Measuring Serialization
posted Wednesday, 9 April 2008
Last night I spoke at the Paris JUG. The location was quite interesting, a smallish theater in the back of a store that sold art, lamp oils and other things. At first I thought I was in the wrong place. Even many of the attendees had to be coaxed into the store not realizing they'd found the right address.
As is typical, the most interesting part of the evening is getting to talk to technologies with the people who've shown up. And since my concurrency talk is more about the bigger picture, where we are going in computing and what we (as developers) need to do to adapt, I find that it excites people into thinking and coming up with solutions. Last night was no exception. The after talk conversations had me considering the possibility of a new metric, line of code contained in a synchronized block.

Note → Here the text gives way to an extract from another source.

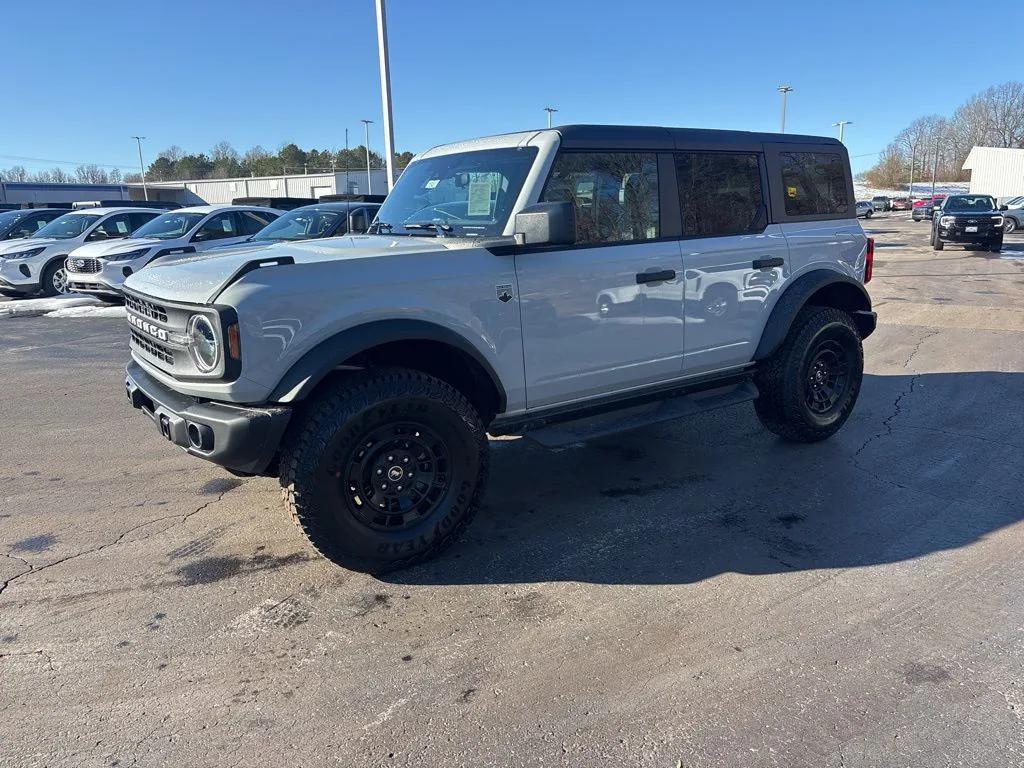 new 2026 Ford Bronco car, priced at $54,920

I like software metrics because they quickly allow me to see potential problems in code that I’ve no familiarity with. I say potential problems with a strong emphasis on the word potential. It is by no means a binary litmus that say, yes it’s good or no, this code needs work. However software metrics do suggest areas of your code that you should take a peek at. This is exactly what the lines of code in a synchronized block would give you. A hint that this part of your code maybe aggressively synchronized.
The first glance it looks like it should be an easy metric to whip up. However, there are a number of things that need to be considered. For example, how do you count loops? How does one count method calls? Are there any other operations that we may need to consider such as array copies or calls to external systems? For example, I could have a call such as creditService.authorize(purchase) that makes a remote call to a bank. That call is most likely going to be a lot more expensive than any large chunk of code that remains local. And since it is synchronized, it represents a point of serialized execution in your application. In other words, your code will run as single threaded that will only use 1 CPU no matter how many you have.
It maybe such that you needed to synchronized a large block of code. Maybe that it doesn’t matter that there is a lot of code in the synchronized block. These are things you can determine once you’ve had a look at it. The bigger question is; how do you find these things in the first place?
One drawback with this “performance” metric is that is based on a static analysis of the code. If you’ve seen or read about “the box”, my abstraction of a computer system, you know that this metric takes the measurement in a single layer (application) absent of the others. To make matters worse, the application layer is devoid of all the dynamic information that result in a more meaningful measure. In other words, measuring for hot locks in a running application is the truth whereas measuring lines of code or potential activities in a synchronized block is a guess. Given that this is a micro performance measurement, it may or may not be important. It maybe that higher order architectural decisions will result in much larger problems. However, while in development, it maybe the only measurement that you’re going to get and in that case, it maybe useful to highlight a potential problem. This is generally the case with any metric. It gives us a hint of a problem and quite often that is good enough.